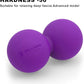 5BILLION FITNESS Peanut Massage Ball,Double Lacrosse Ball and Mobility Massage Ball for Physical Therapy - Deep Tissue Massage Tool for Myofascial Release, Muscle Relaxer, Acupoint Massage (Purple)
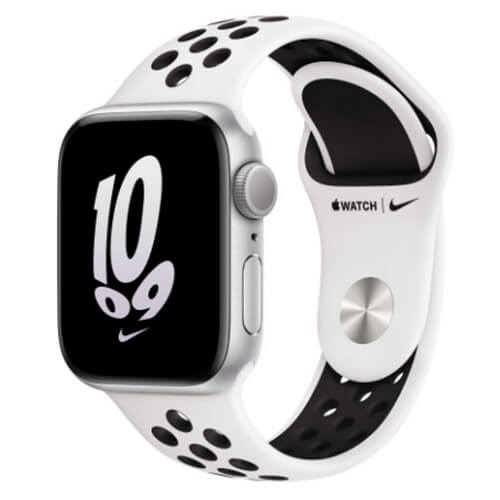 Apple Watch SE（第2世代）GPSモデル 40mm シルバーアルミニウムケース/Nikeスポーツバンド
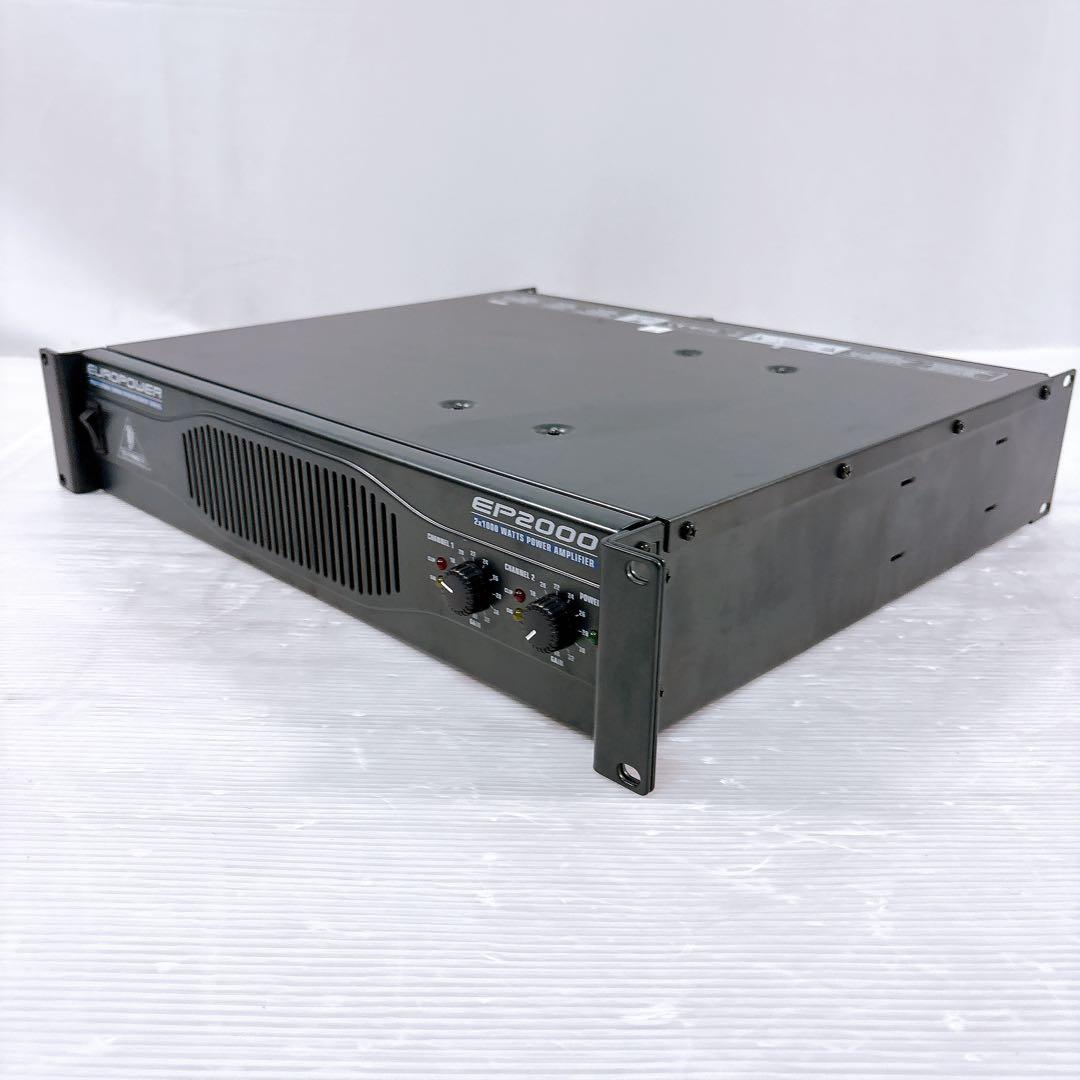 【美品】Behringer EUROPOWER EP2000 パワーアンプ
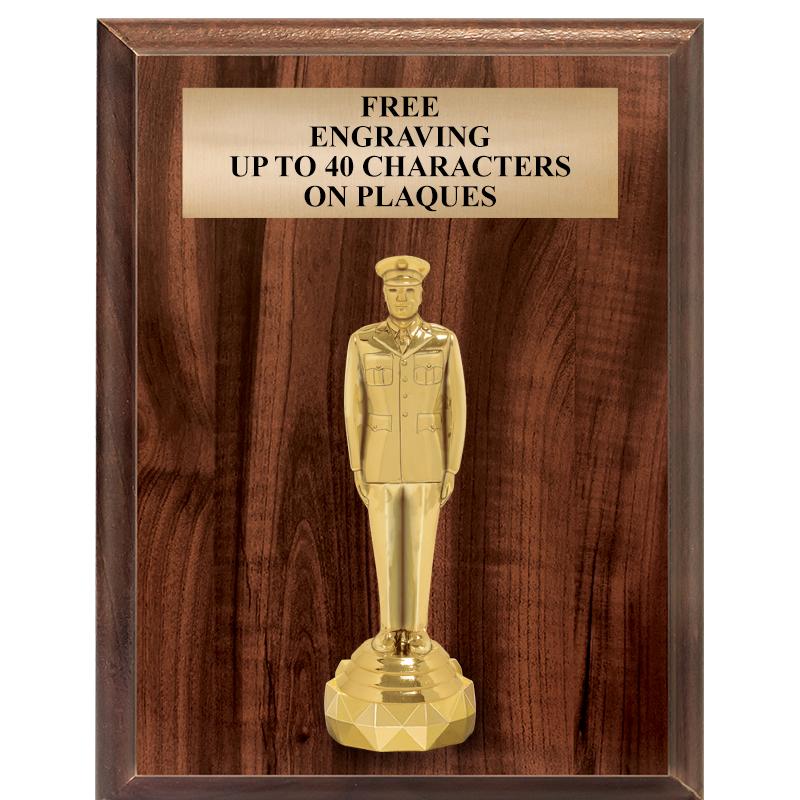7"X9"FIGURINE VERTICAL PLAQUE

==

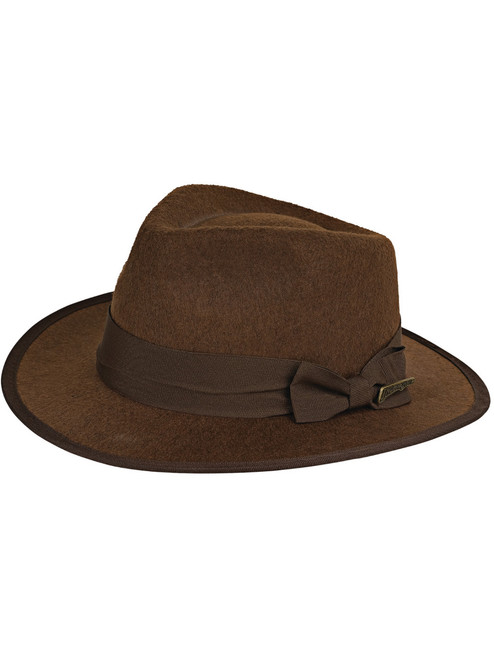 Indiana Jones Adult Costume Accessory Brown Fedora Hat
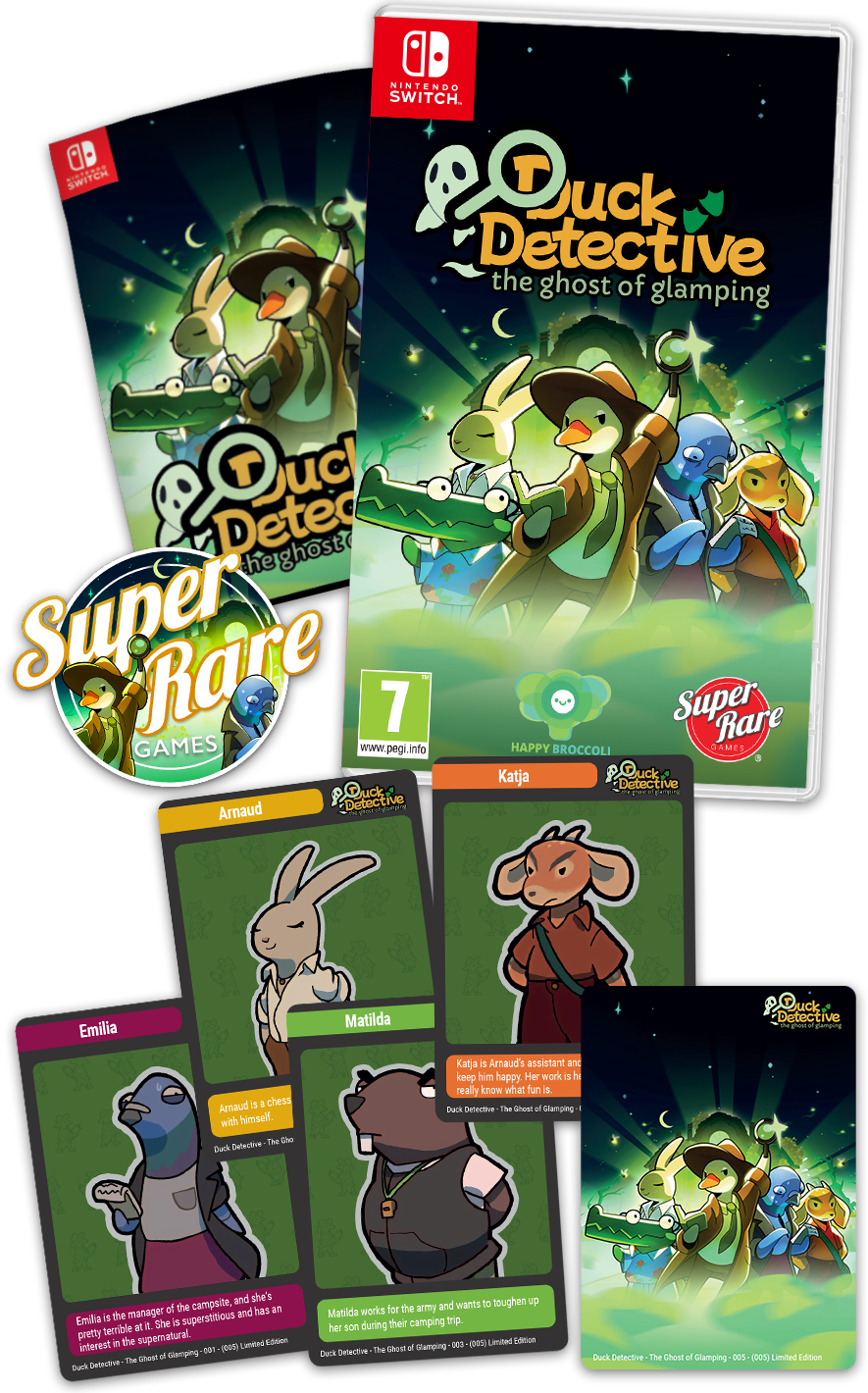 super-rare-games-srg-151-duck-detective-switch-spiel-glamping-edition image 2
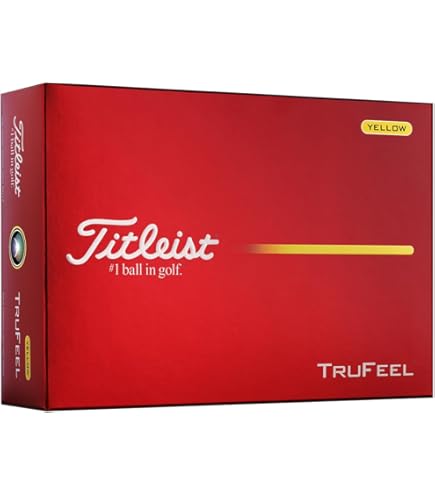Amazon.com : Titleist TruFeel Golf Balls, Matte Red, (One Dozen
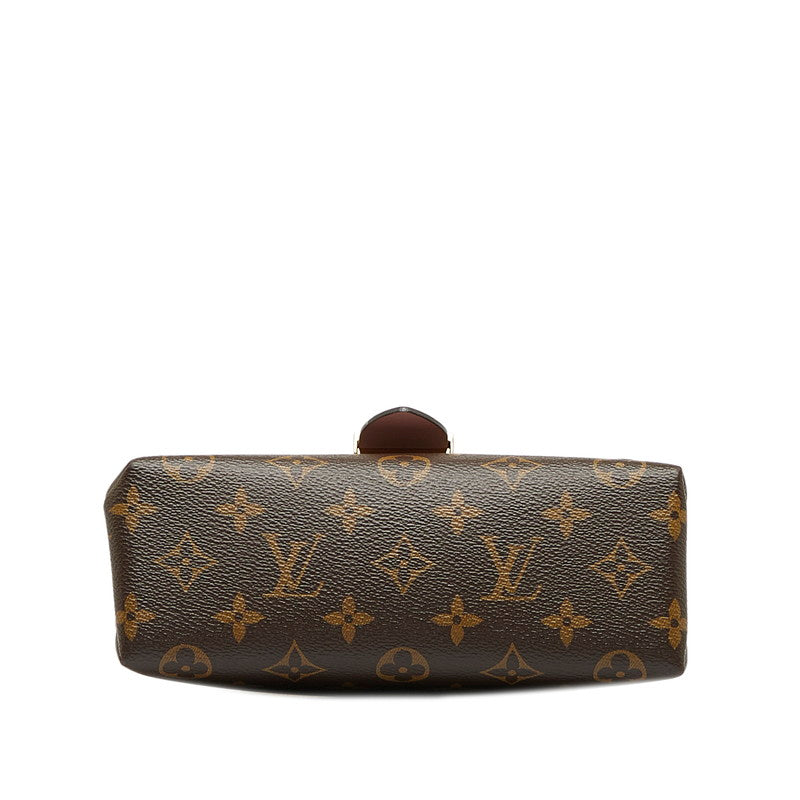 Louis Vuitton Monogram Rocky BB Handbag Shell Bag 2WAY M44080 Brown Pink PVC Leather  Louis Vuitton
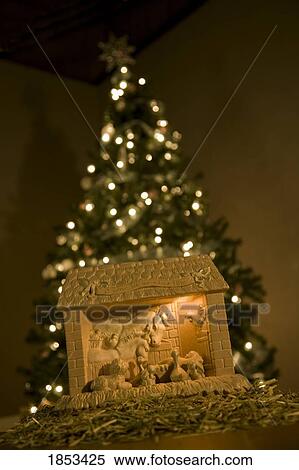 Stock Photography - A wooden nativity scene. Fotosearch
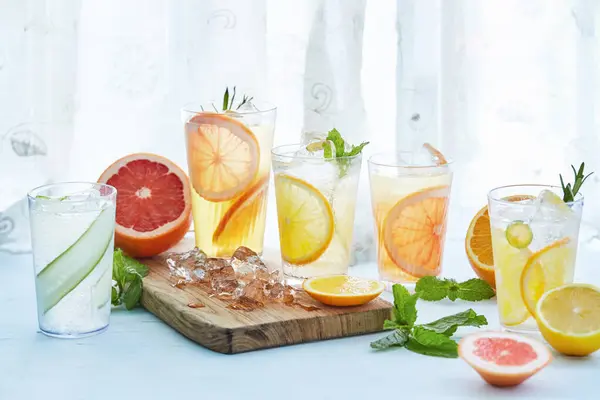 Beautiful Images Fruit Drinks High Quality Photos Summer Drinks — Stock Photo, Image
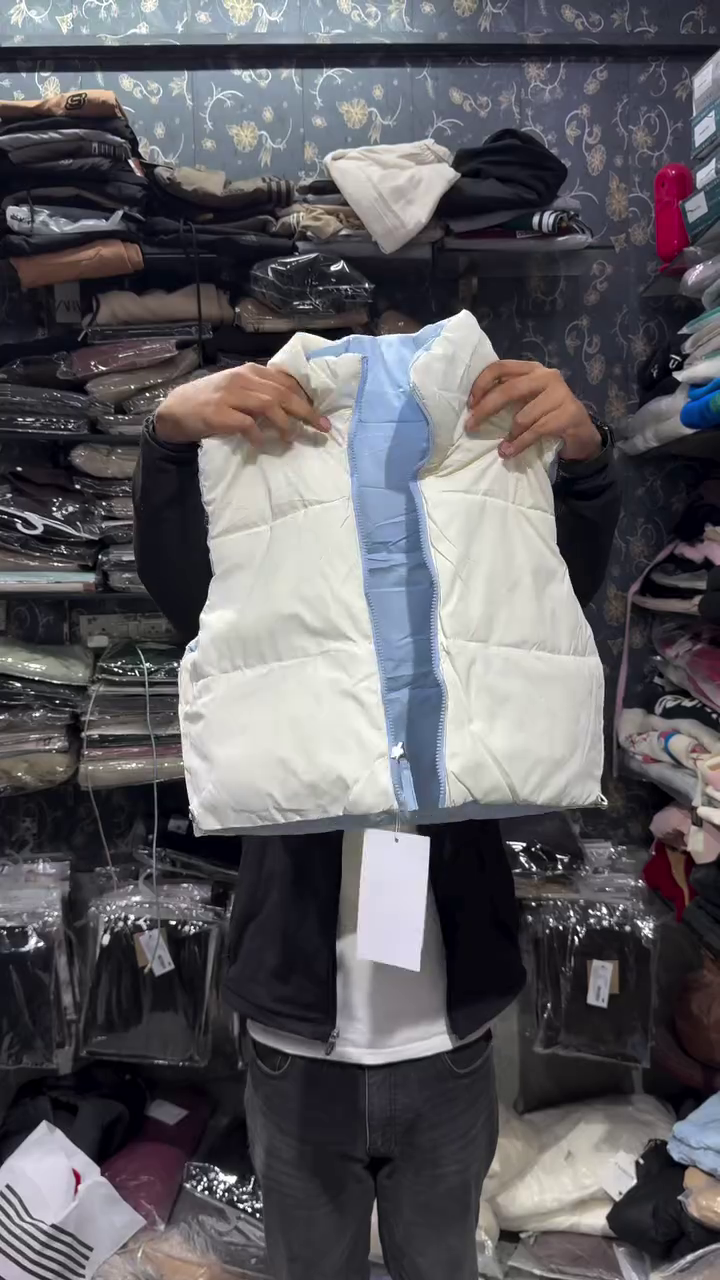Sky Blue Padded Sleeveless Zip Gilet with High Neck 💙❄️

---

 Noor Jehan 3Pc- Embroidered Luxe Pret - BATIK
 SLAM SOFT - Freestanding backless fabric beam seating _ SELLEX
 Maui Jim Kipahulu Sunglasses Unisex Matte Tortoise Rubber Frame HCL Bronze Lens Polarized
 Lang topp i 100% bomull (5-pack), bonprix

### Your assignment:
Restate word for word the lines of the data above that begin at the line with "Amazon.com : Titleist" and end at the line with "Beautiful Images Fruit", keeping both ends and dropping every picture.

### Answer to the exercise:
Amazon.com : Titleist TruFeel Golf Balls, Matte Red, (One Dozen
 Louis Vuitton Monogram Rocky BB Handbag Shell Bag 2WAY M44080 Brown Pink PVC Leather  Louis Vuitton
 Stock Photography - A wooden nativity scene. Fotosearch
 Beautiful Images Fruit Drinks High Quality Photos Summer Drinks — Stock Photo, Image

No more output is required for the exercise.